Sacrifice is part satire, part farce, and part something I – nor the movie itself – can quite a put a finger on. It's too long, that much is true, and the humor is so broad it's a miracle even some of the jokes land.

And yet, despite all that, I had fun with Sacrifice. It made me laugh more than once, and I was never bored, despite the lengthy runtime. Which is more than I can say for some other smug satires about rich people ruining the very things they claim to protect. (I'm looking at you, Triangle of Sadness.)

Part of why Sacrifice works even in fits and starts is thanks to its game cast. The main trio: Chris Evans, Vincent Cassel, and Anya Taylor-Joy, are a hoot. Cassel plays a Jeff Bezos -lite with delightfully petty venom, spewing dated insults at anyone who dares cross his path. Evans, dedicated to a post-Captain America career playing dickheads of varying extremes, is hilarious as the clueless and deeply insecure hero chosen by the cultists as sacrifice. They're led by Taylor-Joy, who brings unexpected nuance to an underwritten part.

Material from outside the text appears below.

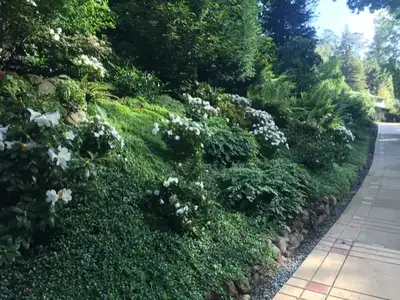 Jean Fogg Landscape project 95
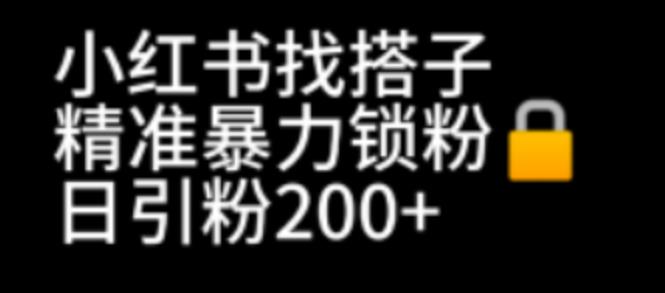 （6807期）小红书找搭子暴力精准锁粉+引流日引200+精准粉-保成圈-山云人力,分享创业咨询_最新网络项目资源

The plot revolves around a distasteful vanity party, thrown together by the wealthy elite to celebrate their "efforts" to stop climate change. Taylor-Joy's group of eco-warriors/cultists show up, kidnap the lot, and demand three chosen sacrifices for the nearby erupting volcano. Otherwise, according to the prophecy, the world will end in two days.

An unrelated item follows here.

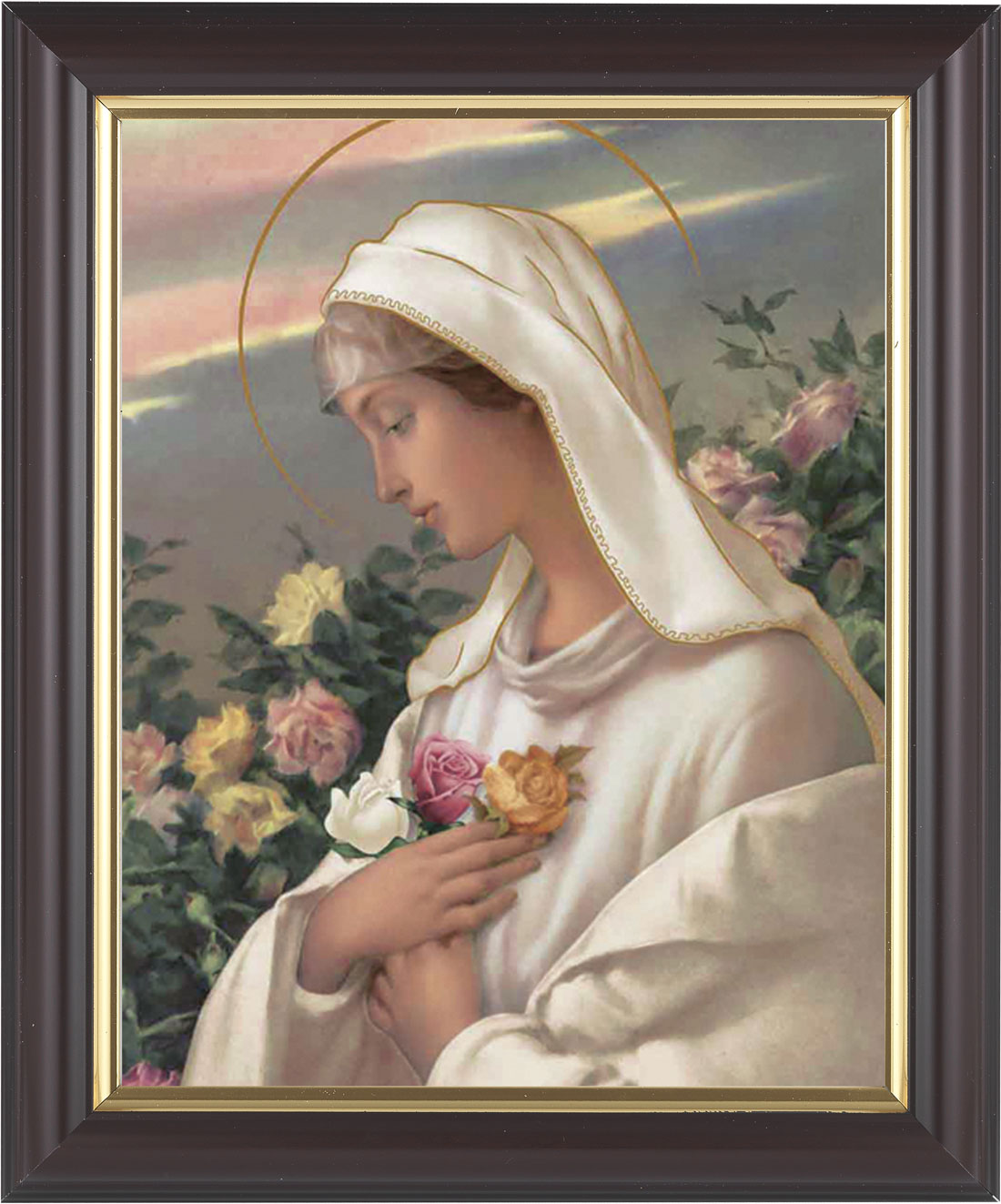 Mystical Rose 8x10 Framed Print Under Glass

For most of the film, it's entirely unclear if there really is a threat or not, and the film is never better than when director Romain Gavras plays with that expectation. It's fun watching certainty swing into disbelief and back again, and each of the cast members has their moment to shine in this regard.

But by the time we reach the second half of the picture, Gavras can't seem to decide what he's satirizing anymore. The film plays itself surprisingly straight, and the weirdness ramps down considerably from the initial madness. After Evans has his drug-fueled nightmare, it's almost like we're in a different movie altogether. There's also a weird detour involving John Malkovich that, while his presence is always a bonus, feels superfluous and half-baked.

Which isn't to say it's bad – it's just on the right side of odd for that – but it does get tedious. By the time the climax comes around, it's so inconsequential and off-key that it prompted someone in the theater to loudly proclaim: "Seriously?!"

Despite this, it's thanks to a game Evans, Taylor Joy, and Cassel that Sacrifice remains so watchable. Even Salma Hayek is fun, though I have no idea what her part in all this is supposed to be. Like many other things in the film, she looks gorgeous and is always a welcome presence. But that's all she does; she's just there.

I just don't know what the director, writer, or producers were thinking when they put everything together. I'm not sure they do, either.